Machine learning in trading: theory, models, practice and algo-trading - page 1378
You are missing trading opportunities:
- Free trading apps
- Over 8,000 signals for copying
- Economic news for exploring financial markets
Registration
Log in
You agree to website policy and terms of use
If you do not have an account, please register
Financial mathematics, presented without Ito's stochastic calculus, looks very mysterious and vague.
You mean there aren't enough formulas in the lectures? :D
Modeling Models or Next ModelAfter introducing standard jargon to describe parameter sensitivity, examples of the effect of parameter stochasticity on simple and non-complex prices are reviewed, a brief review of empirical observations is given, standard stochastic models are given, and their application to real life is discussed
Here's the whole list... got hooked yesterday, really like https://www.lektorium.tv/speaker/3058
You mean there aren't enough formulas in the lectures? :D
Ito's integral is a complicated thing, but if you learn it, everything becomes easier and you don't have to come up with crutches for every single problem.
It is like before Newton problems on the form of a chain line were solved by very complicated methods and now they are available even to high school students.
Ito's integral is complicated, but if you learn it, everything becomes easier and you don't have to come up with crutches for every single problem.
This is similar to how problems like the shape of a chain line were solved before Newton by very complicated methods, and now they are quite accessible even to high school students.
I've been reading Investments, Black Scholes, etc., all over Europe. I don't remember any of it.) Maybe I should study it.
I haven't figured it out yet, either.
He's got a course of lectures there, if from the 1st
it's an in-depth analysis of the market structure and models
in general, interesting. Quantum from JP Morgan or who knows.
I walked through Europe with my head in Investments, Black Scholes, etc. Can't remember anything ) Might need to look into it.
The Black-Scholes itself is not very useful, but modifications (perturbations, variations, etc.) are built on it, and for this ito knowledge is very useful.
Black-Scholes itself is not very useful, but modifications (perturbations, variations, etc.) are built on it and for this - ito knowledge is very useful.
I wonder how it can be connected with modern methods of MO, i.e. it will be possible to build models somehow supported by market theory
I wonder how one can relate to modern MO methods, i.e. it would be possible to build models somehow supported by market theory
We need to see how Markovian processes with continuous time are studied by MO methods.
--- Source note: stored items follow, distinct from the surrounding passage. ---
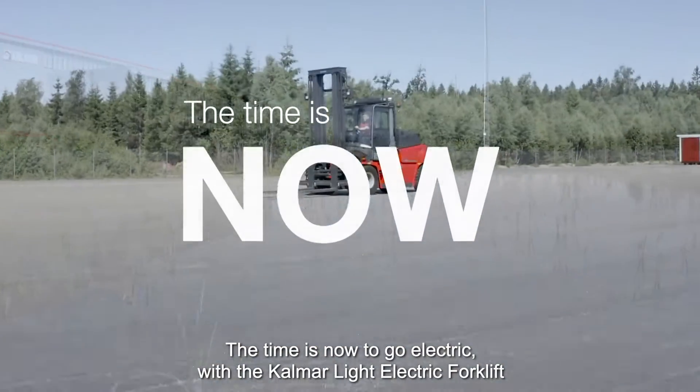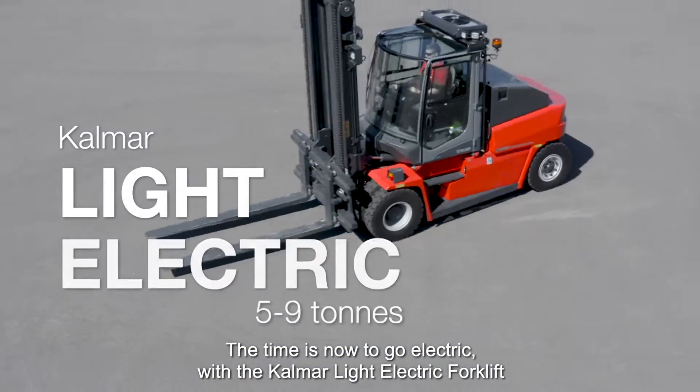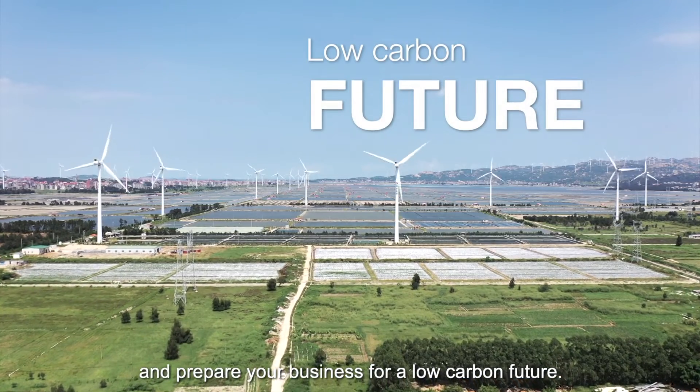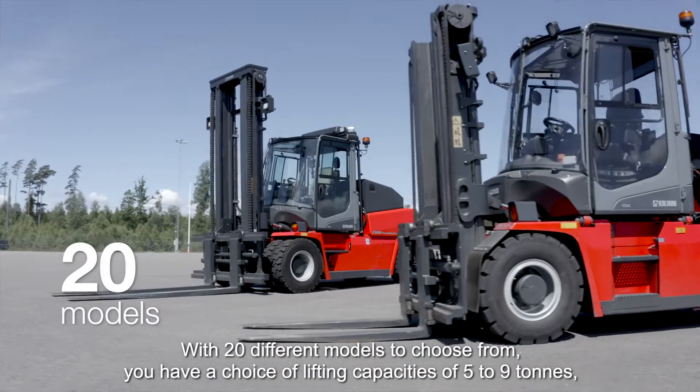The time is now to go electric with the Kalmar light electric forklift and prepare your business for a low carbon future, with 20 different models to choose from.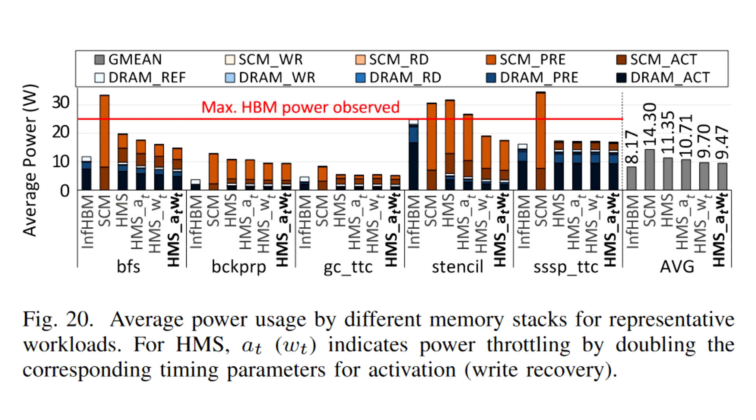"Because the massive number of GPU threads can easily thrash the DRAM cache and degrade performance, we first propose an SCM-aware DRAM cache bypass policy for GPUs that considers the multi-dimensional characteristics of memory accesses by GPUs with SCM, to bypass DRAM for data with low-performance utility."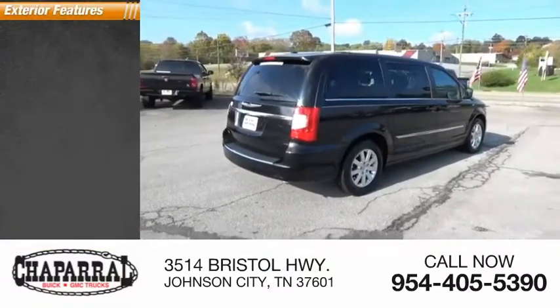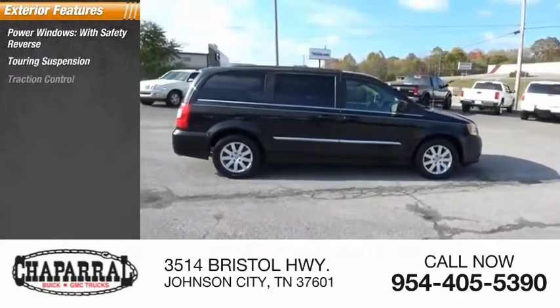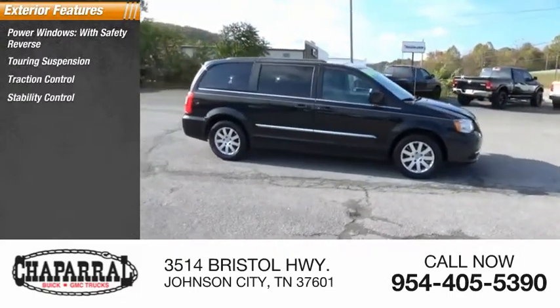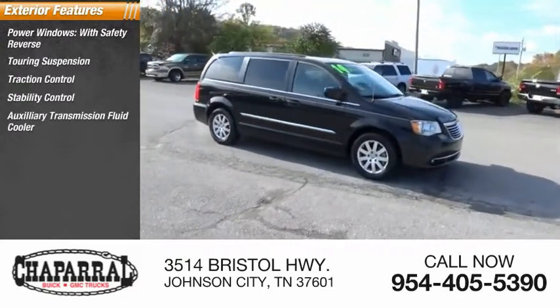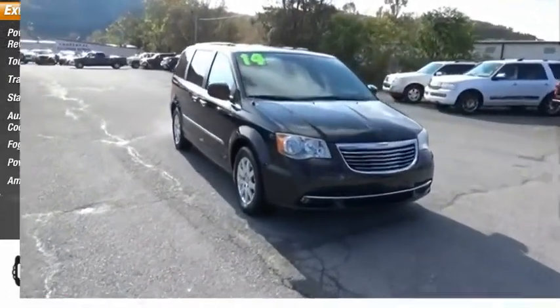Here are some of this vehicle's great options: power windows with safety reverse, touring suspension, traction control, stability control, auxiliary transmission fluid cooler, fog lights, power brakes, ambient lighting, and braking assist.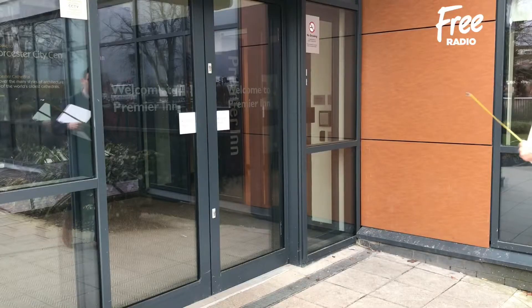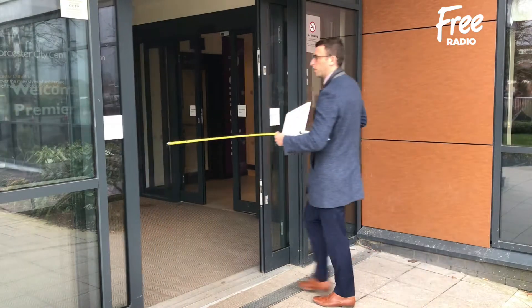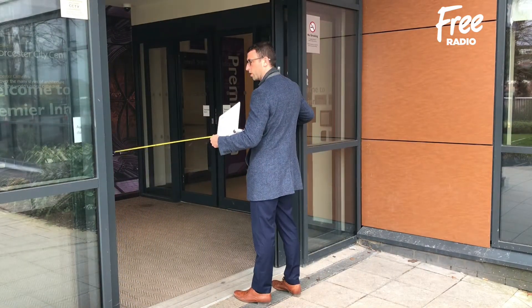400 places are going to be surveyed in Worcester to see if they're accessible for people with disabilities. This includes the cathedral, a number of hotels, also bars and restaurants.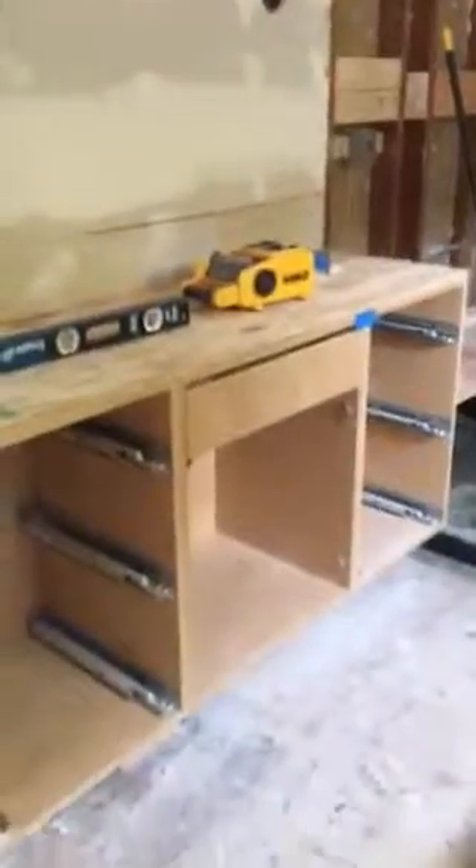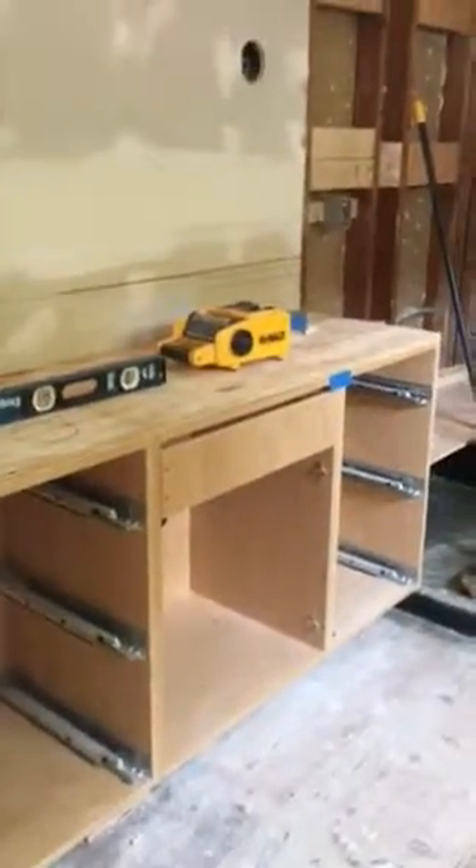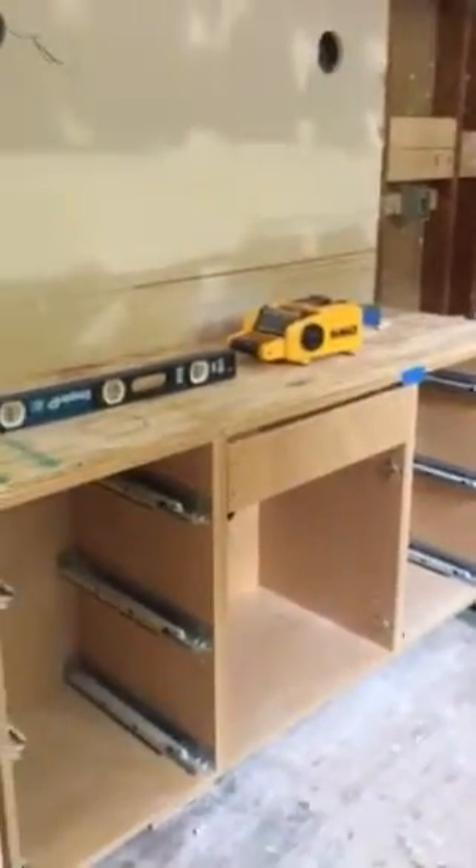And then this is our vanity that's been put in here. There's a niche there that'll just be shelves, and here are the two sconces, and there'll be a mirror in between those. That's the vanity here — we've chosen a nice blue color that goes with the tiles.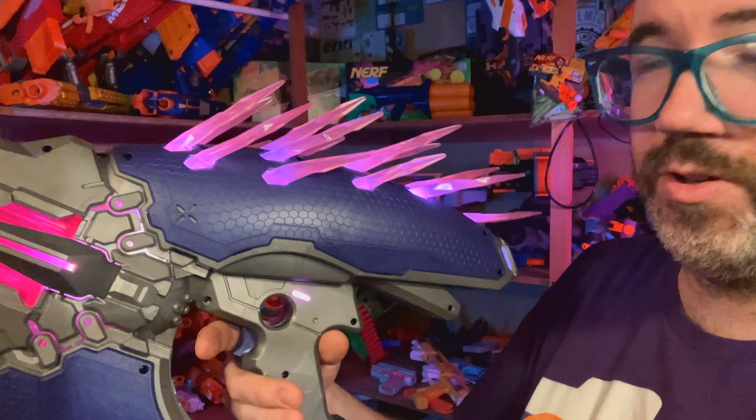Next thing down on the manual is the trigger. You can probably guess how that works, but it is a full auto blaster — you just hold it down. The lights on the Needler are powered with six AA batteries. There are two screws to remove on the bottom of the blaster, this whole cover pops off, you put your six batteries in and pop it shut. That's all there is to it.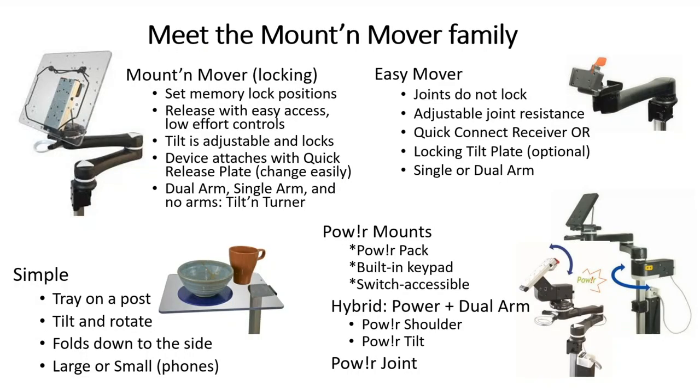I'd like you to meet the Mount Mover family. We've got four main mount types. The first, in the upper left corner, is the locking Mount Mover. You can set memory lock positions and use the low-effort controls near the device to unlock and move the mount. The tilt can be adjusted and locks in place. The device attaches with a quick release plate, and it comes in a dual arm, a single arm, and one with no arms, which we call the tilt and turner.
In the matstat for such processes the maximum likelihood methods are often used, which is quite similar to MO.
It is necessary to see how Markovian processes with continuous time are studied by MO methods. Matstat often uses maximum likelihood methods for such processes, which is quite similar to MO.
I.e. is the model taken as an efficient market model? or a fractal one, as he, for example, describes in his later lectures. And still Brownian motion, i.e. model of a random walk can also be presented as fractal.
It is not very clear what this theory has come to in the end, and whether it has come to :) it is necessary to study, it is interesting. Or maybe these both are just good approximations and it is possible to take any one of them and work with it.
I.e. is the model taken as an effective market? or all the same fractal, as he, for example, in later lectures describes. And still the Brownian motion, i.e. the model of a random walk can also be presented as fractal.
It is not very clear what this theory has come to in the end, and whether it has come to :) it is necessary to study, it is interesting. Or these both are just good approximations, you can take any of them and work with it.
I'm not strong in economic interpretation, but from the matstat point of view both are processes given by some stochastic diffusers. That is, for all of them the Markovian probability is fulfilled.
I am not strong in the economic interpretation, but from the point of view of the matstat both are processes set by some or other stochastic diffusers. That is, Markovianity is satisfied for all of them.
Interesting how the girls dance... i.e. through a Markovian process a process with "memory" is also defined, through latent states, for example
there was some confusion in my head... and so it turns out that yes, for all is performed. If I understand correctly.